__COLLECTED DATA__:
● ● ●

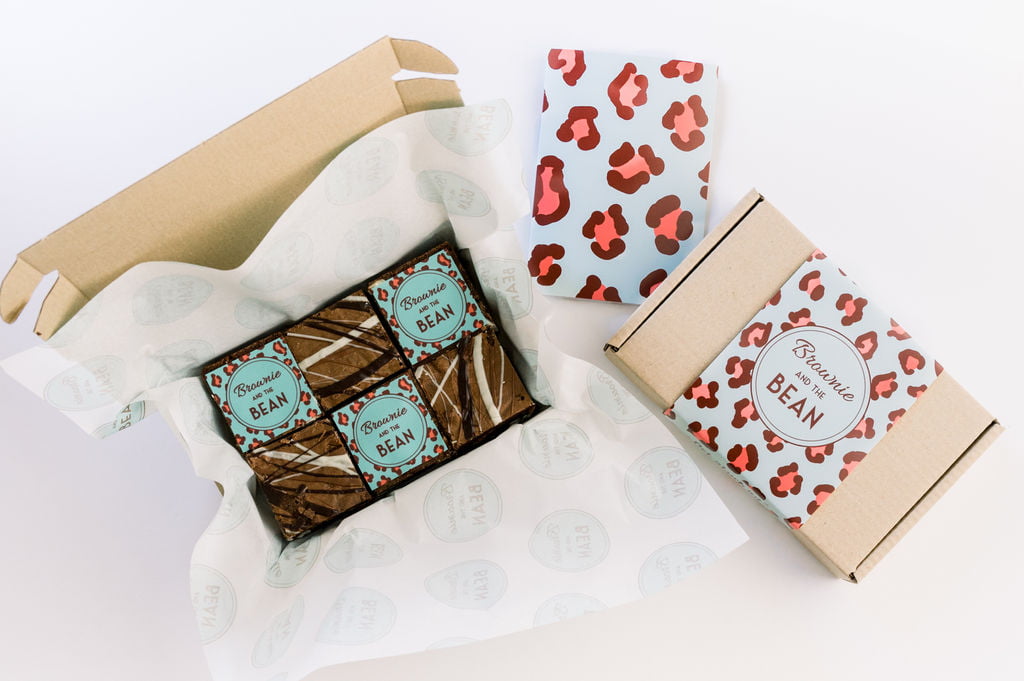 A sample of one of our corporate gifting solutions is in the photograph. The background is white. There is a Kraft box of brownies to the right. The outer sleeve is leopard print and turquoise and pink. The Brownie and the Bean logo is in the centre of the packaging. Above and to the left is a greetings card with turquoise and pink leopard print packaging. Further to the left is an open box of chocolate brownies. Three of them have the Brownie and the Bean logo in Turquoise and pink leopard print. The other three chocolate brownies have a white chocolate drizzle on the top.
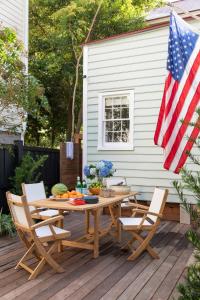 eine Terrasse mit Tisch und Stühlen und einer amerikanischen Flagge in der Unterkunft Green Cottage at Casa Zoe in Charleston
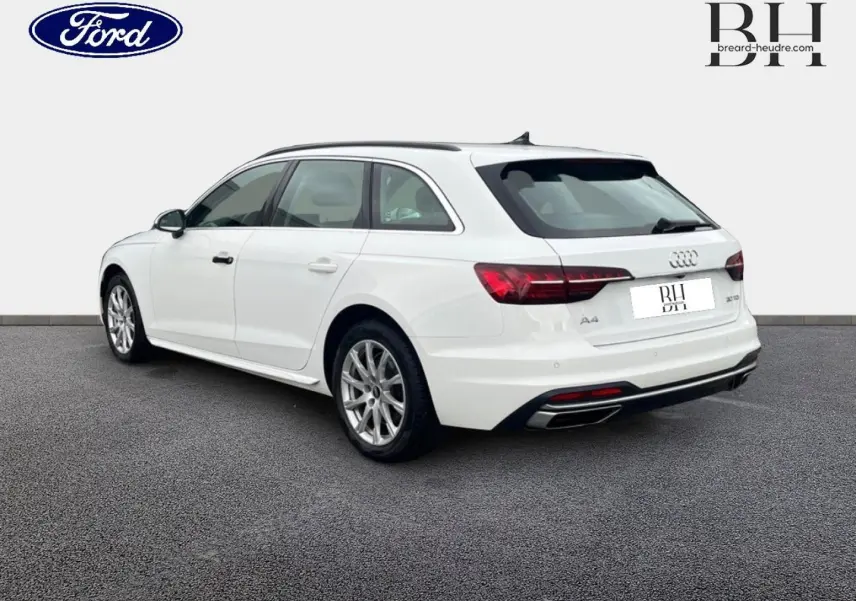 Audi A4 Avant blanc glacier métallisé vue 3/4 arrière droit, avec jantes alu et feux arrière LED distinctifs.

● ● ●

__EXERCISE BRIEF__:
Only the lines from the one containing "eine Terrasse mit" through the last line of the material are to be restated word for word; no picture is to be included.

__SOLUTION TO THE PROBLEM__:
 eine Terrasse mit Tisch und Stühlen und einer amerikanischen Flagge in der Unterkunft Green Cottage at Casa Zoe in Charleston
 Audi A4 Avant blanc glacier métallisé vue 3/4 arrière droit, avec jantes alu et feux arrière LED distinctifs.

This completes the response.